Task statement: Only one span of the material below is wanted. Output it exactly, from the line with "Colorado Flag Polo" through the line with "adamofeternia44 online show", without any pictures.

Provided data:

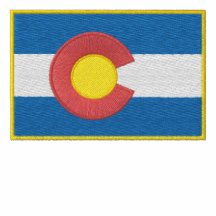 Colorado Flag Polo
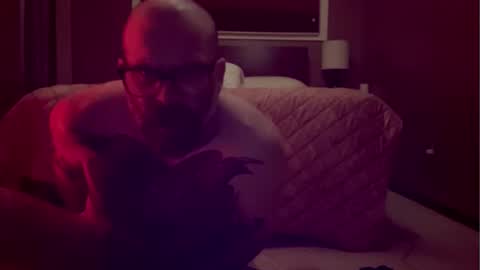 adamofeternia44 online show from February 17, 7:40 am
* * *
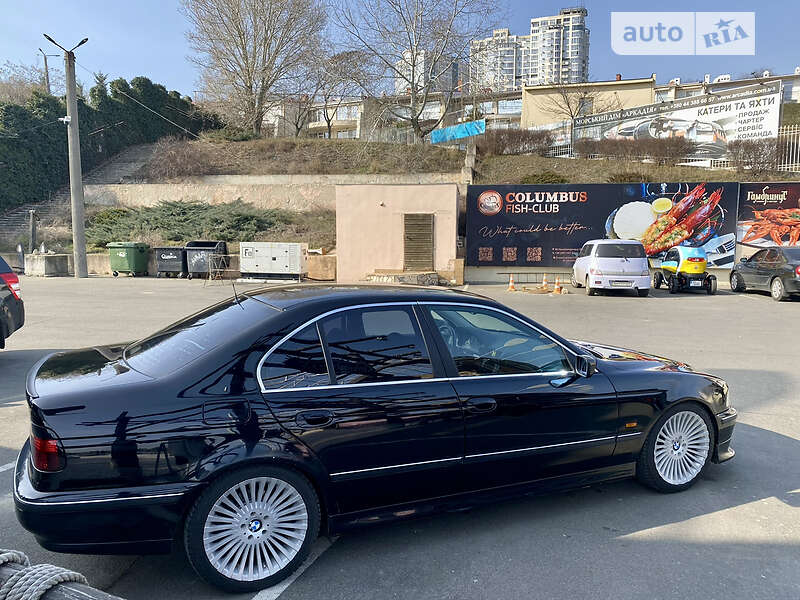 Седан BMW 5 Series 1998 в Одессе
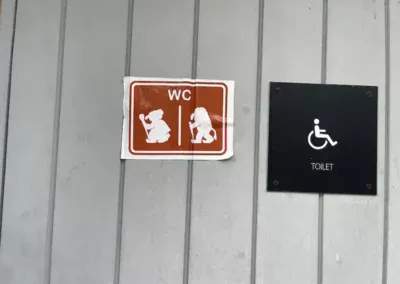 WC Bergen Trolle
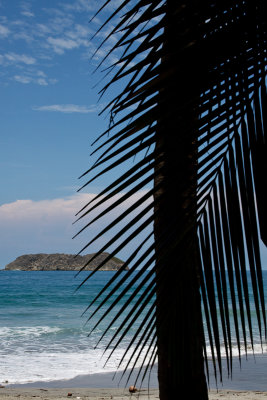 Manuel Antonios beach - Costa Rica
--
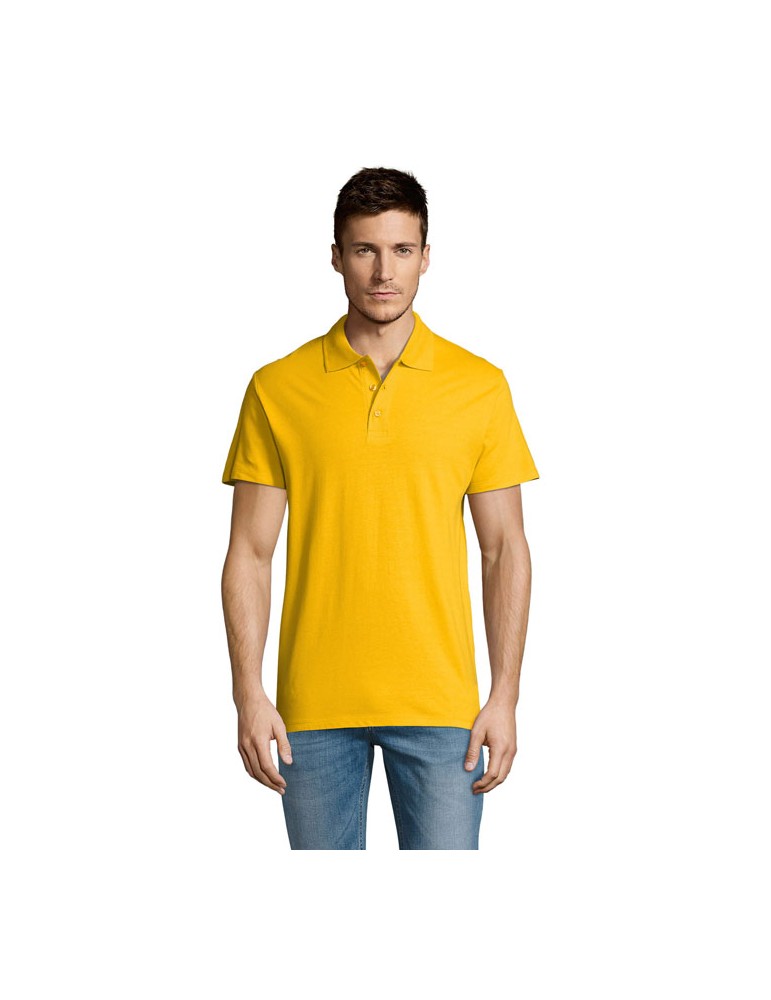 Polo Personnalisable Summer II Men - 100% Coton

Task response:
 Colorado Flag Polo
 adamofeternia44 online show from February 17, 7:40 am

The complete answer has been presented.